AudioCLIP: Extending CLIP to Image, Text and Audio

Andrey Guzhov, Federico Raue, Jörn Hees, Andreas Dengel · DFKI GmbH / TU Kaiserslautern · 2021 (arXiv; later ICASSP 2022) · arXiv:2106.13043 · PDF

One-liner. AudioCLIP bolts an audio encoder (ESResNeXt) onto a frozen-then-fine-tuned CLIP text+image model and trains all three heads contrastively on AudioSet's audio/frame/label triples, producing a single tri-modal embedding space that lets you query across text, image, and audio in any direction and do zero-shot environmental-sound classification.

Problem & motivation

Audio classification had benefited from importing visual-domain models, but multimodal audio work almost always combined at most two modalities and used the visual stream sequentially, processing one modality at a time. Meanwhile labeled audio data is scarce, which had pushed the field toward zero-/few-shot contrastive methods conditioned on textual descriptions. The paper's bet: CLIP already aligns text and image in a shared space with strong domain-transfer ("zero-shot") behavior, so adding a third audible modality as a first-class citizen should (i) extend CLIP's zero-shot generalization to audio and (ii) enable cross-modal querying in any combination of the three. The glue that makes this possible is AudioSet, whose YouTube snippets supply audio, video frames, and class labels simultaneously.

Method

The architecture (Fig 1) is three encoder heads feeding one shared embedding space of size 1024 (CLIP's dimension).

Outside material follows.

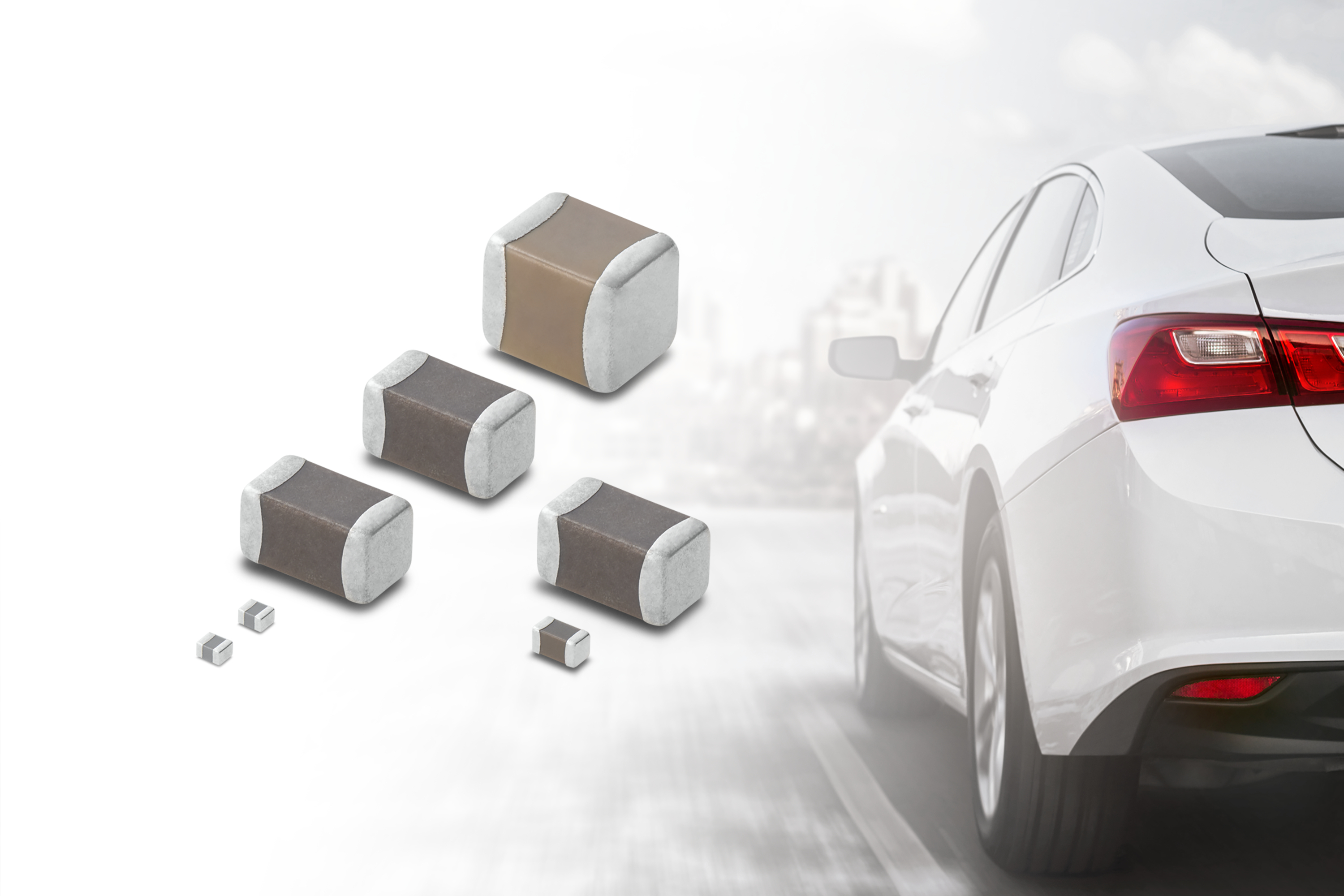 Various SMD electronic components and capacitors displayed next to a white car's rear quarter panel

Text and image heads = CLIP. A 12-layer Transformer text encoder (BPE vocab 49 408, sequence length clipped at 76) and a modified ResNet-50 image encoder (global average pool replaced by a QKV-attention layer). The ResNet variant is chosen over ViT for lower compute. These were pre-trained jointly on CLIP's ~400M text-image pairs and are used here as weight initializers.

Audio head = ESResNeXt. A ResNeXt-50 backbone fronted by a trainable time-frequency transformation built on complex frequency B-spline wavelets (~30M params). It natively handles multi-channel audio and is robust to additive white Gaussian noise and sample-rate decrease. It is initialized from ImageNet weights, then pre-trained on AudioSet.

Loss. CLIP's symmetric cross-entropy similarity loss is extended from one term (text↔image) to three: text↔image, text↔audio, image↔audio. All three modalities (or any pair) can be processed simultaneously.

Staged training. The recipe is deliberately multi-step:

(1) Audio-head standalone pre-training on AudioSet (ImageNet-init ESResNeXt, trained for more epochs than the original — 30 vs 5).
(2) Cooperative audio-head pre-training: drop the classification layer for a randomly-initialized embedding layer, then train the audio head jointly with the frozen text and image heads — i.e., a multi-modal knowledge-distillation setup where text/image heads are teachers.
(3) AudioCLIP full training: unfreeze and tune all three heads together on AudioSet (audio snippets + their video frames + class names) so the model also absorbs AudioSet's image and text distributions, not just CLIP's.
(4) Downstream fine-tuning: tune the audio head on UrbanSound8K and ESC-50 in a bimodal (audio+text) fashion, one class label per sample.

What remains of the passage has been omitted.